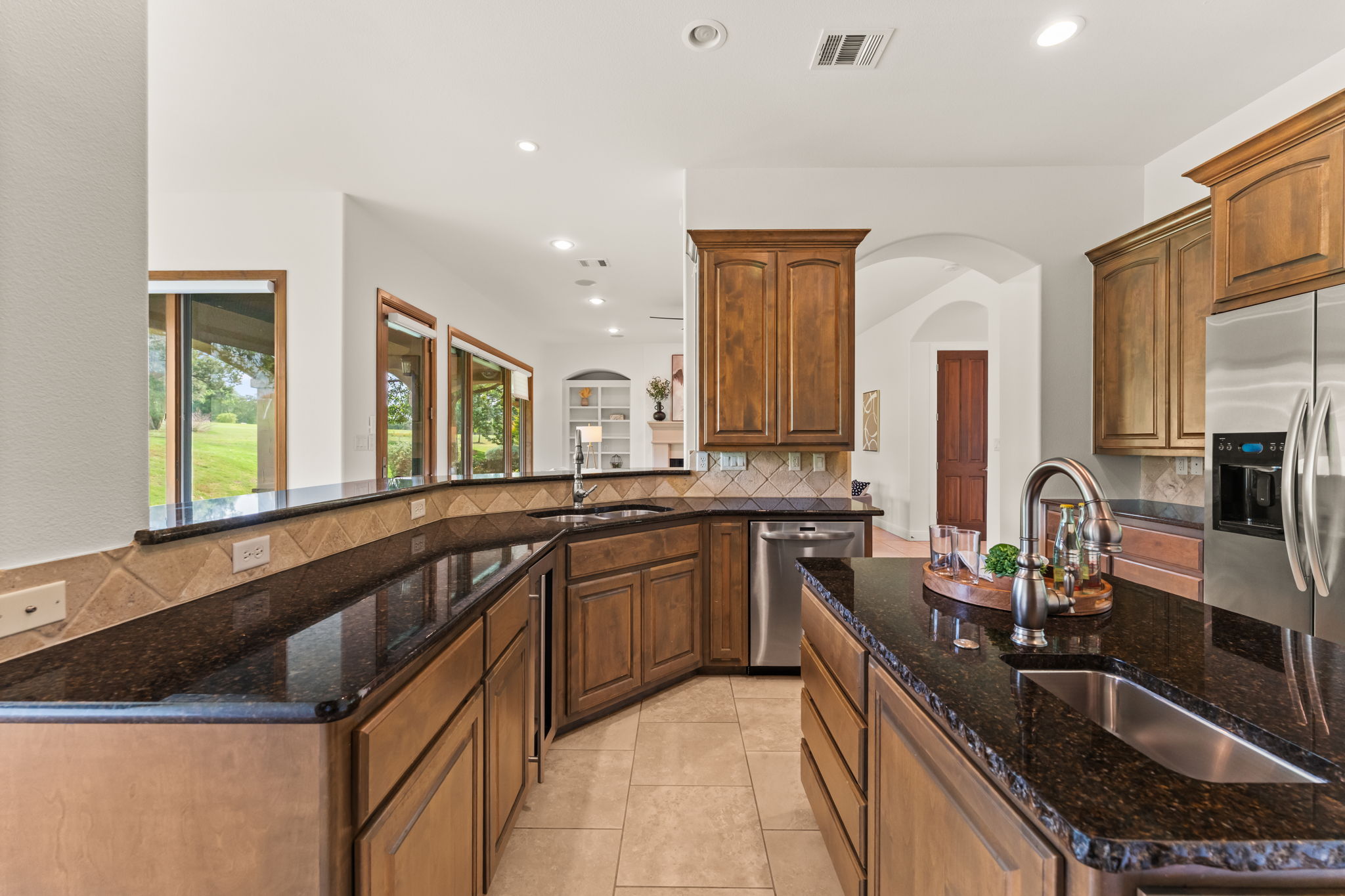 15 Borello Drive Austin, TX 78738 - Photo 14 of 36 a large kitchen with granite countertop a sink and cabinets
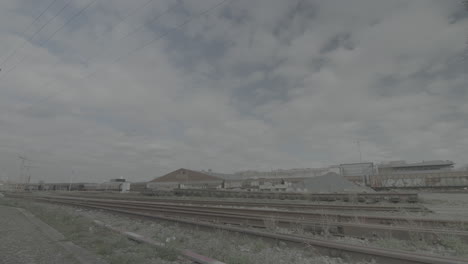 timelapse de una estación de tren desierta en bélgica con nubes en movimiento creando sombras en el registro de tierra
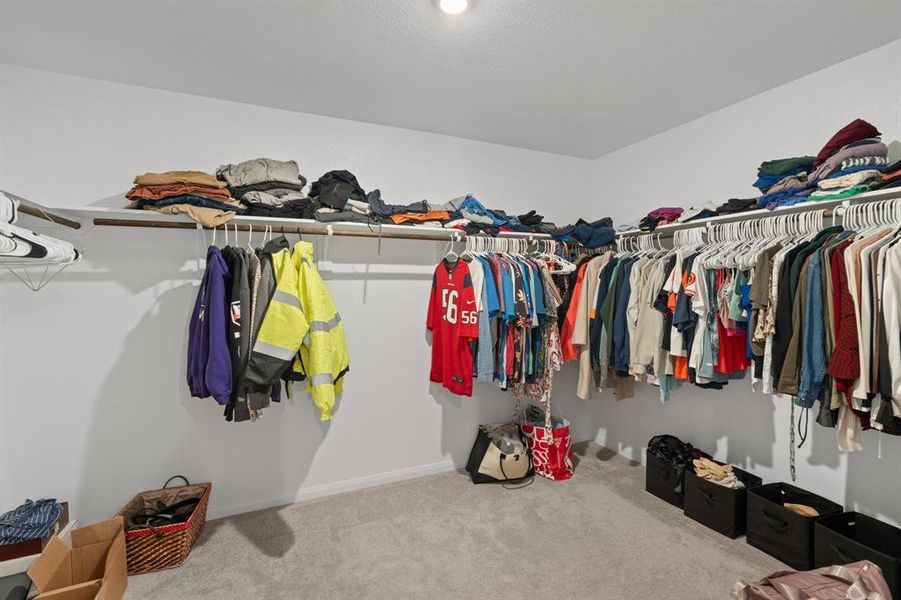 A Look into the Primary Spacious Walk-in Closet showcasing an abundance of hanging storage and shelf space.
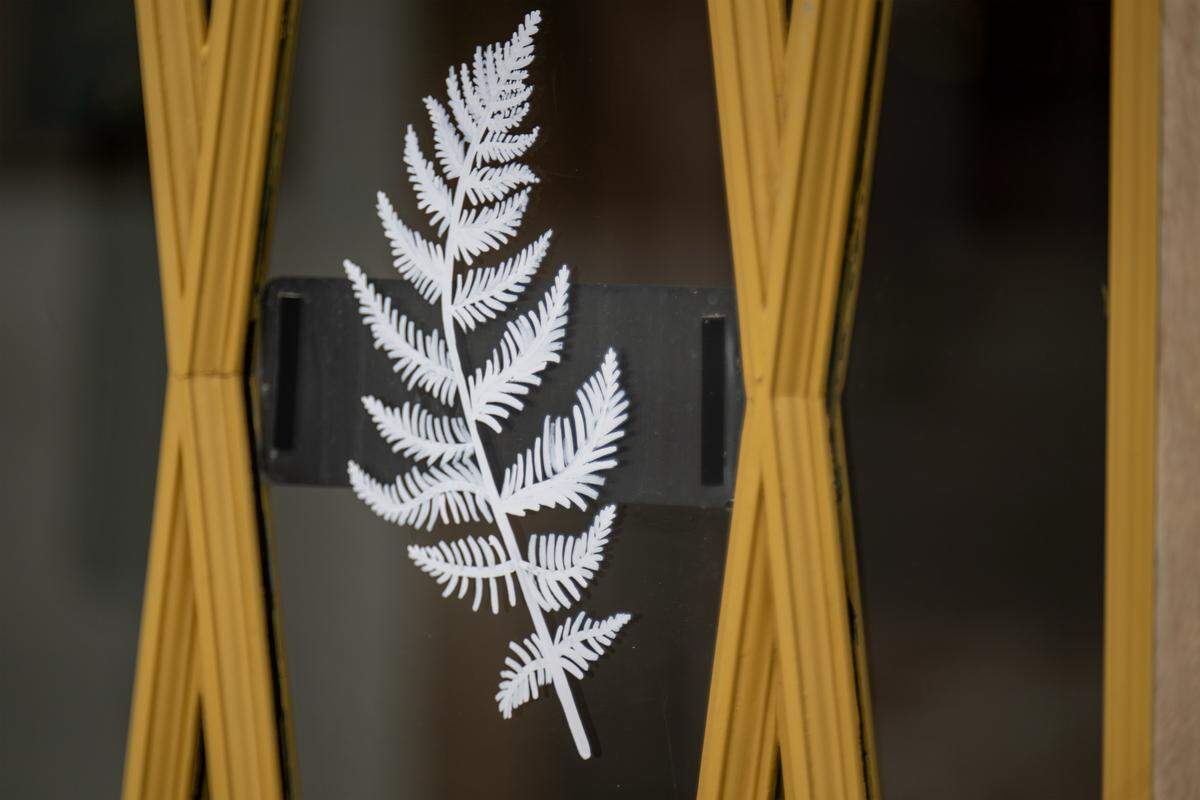 A fern frond graphic adorns the front door at at the Fern Bar, a craft cocktail bar at 2041 Broadway Blvd., in Kansas City.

### What you need to do
Leave the images out and transcribe the rest of the material exactly.

### Answer
 15 Borello Drive Austin, TX 78738 - Photo 14 of 36 a large kitchen with granite countertop a sink and cabinets
 timelapse de una estación de tren desierta en bélgica con nubes en movimiento creando sombras en el registro de tierra
 A Look into the Primary Spacious Walk-in Closet showcasing an abundance of hanging storage and shelf space.
 A fern frond graphic adorns the front door at at the Fern Bar, a craft cocktail bar at 2041 Broadway Blvd., in Kansas City.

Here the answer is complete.